Parser: plyara 2.2.x wrapper
Metadata schema: Vendored CCCS_YARA.yml and CCCS_YARA_values.yml
Validation: Clean-room reimplementation — no upstream code is vendored


Vendored Schemas

Two schema files live in src/zettelforge/yara/schemas/:

File Description Loaded At
CCCS_YARA.yml CCCS YARA metadata field definitions (required fields, types, optionality) Import time via _load_yaml()
CCCS_YARA_values.yml CCCS enumerated value sets (statuses, categories, sharing classifications, etc.) Import time via _load_yaml()

See src/zettelforge/yara/schemas/NOTICE.md for licensing information about the vendored schema files.


CCCS Metadata Fields

Derived from CCCS_YARA.yml. Fields marked as optional: No or optional: Optional are treated as required under strict tier validation.

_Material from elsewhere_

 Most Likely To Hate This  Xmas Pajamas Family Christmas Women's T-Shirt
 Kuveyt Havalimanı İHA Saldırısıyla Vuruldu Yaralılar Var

Field Type Required (strict) Validation
id string yes Base62 UUID (16+ chars)
fingerprint string yes Hex digest 40-64 chars (SHA-1/SHA-256)
version string yes Semantic version x.y
modified string yes ISO date YYYY-MM-DD
status string yes Must match rule_statuses value set
sharing string yes Must match sharing_classifications value set
source string yes Non-empty string (uppercase convention)
author string yes Must match author regex (email-like format)
description string yes Non-empty string
category string yes Must match category_types value set
date string no ISO date YYYY-MM-DD
malware_type string no Must match malware_types value set
actor_type string no Must match actor_types value set
actor string no Free-form string
technique string no Free-form string
mitre_att string no Pattern T####, G####, S####, or TA####
hash string no Must match hash_types value set

REQUIRED_FIELDS (dynamic)

The _required_fields() function walks CCCS_YARA_SPEC and collects all keys where optional is False (YAML No) or the string "Optional":

REQUIRED_FIELDS: list[str] = [
    "id", "fingerprint", "version", "modified",
    "status", "sharing", "source", "author",
    "description", "category",
]

Value Set Definitions

From CCCS_YARA_values.yml. Each value set is compiled to a list of regex patterns at import time:

rule_statuses

Standard CCCS rule maturity statuses (e.g., RELEASED, DRAFT, TEST, DEPRECATED). Validated via regex alternation.

sharing_classifications

TLP marking labels and CCCS sharing classifications (e.g., TLP:WHITE, TLP:GREEN, TLP:AMBER, TLP:RED). Validated via regex alternation.

category_types

Rule categories (e.g., INFO, EXPLOIT, TECHNIQUE, TOOL, MALWARE). Validated via regex alternation.

malware_types

Malware type identifiers when category=MALWARE. Validated via regex alternation.

actor_types

Threat actor type identifiers when actor meta is present. Validated via regex alternation.

hash_types

Known hash length patterns (MD5, SHA-1, SHA-256, SHA-512). Validated via regex alternation.


Per-Field Validators

Clean-room implementations of CCCS validator names. Each validator is a pure function returning either None (valid) or an error string.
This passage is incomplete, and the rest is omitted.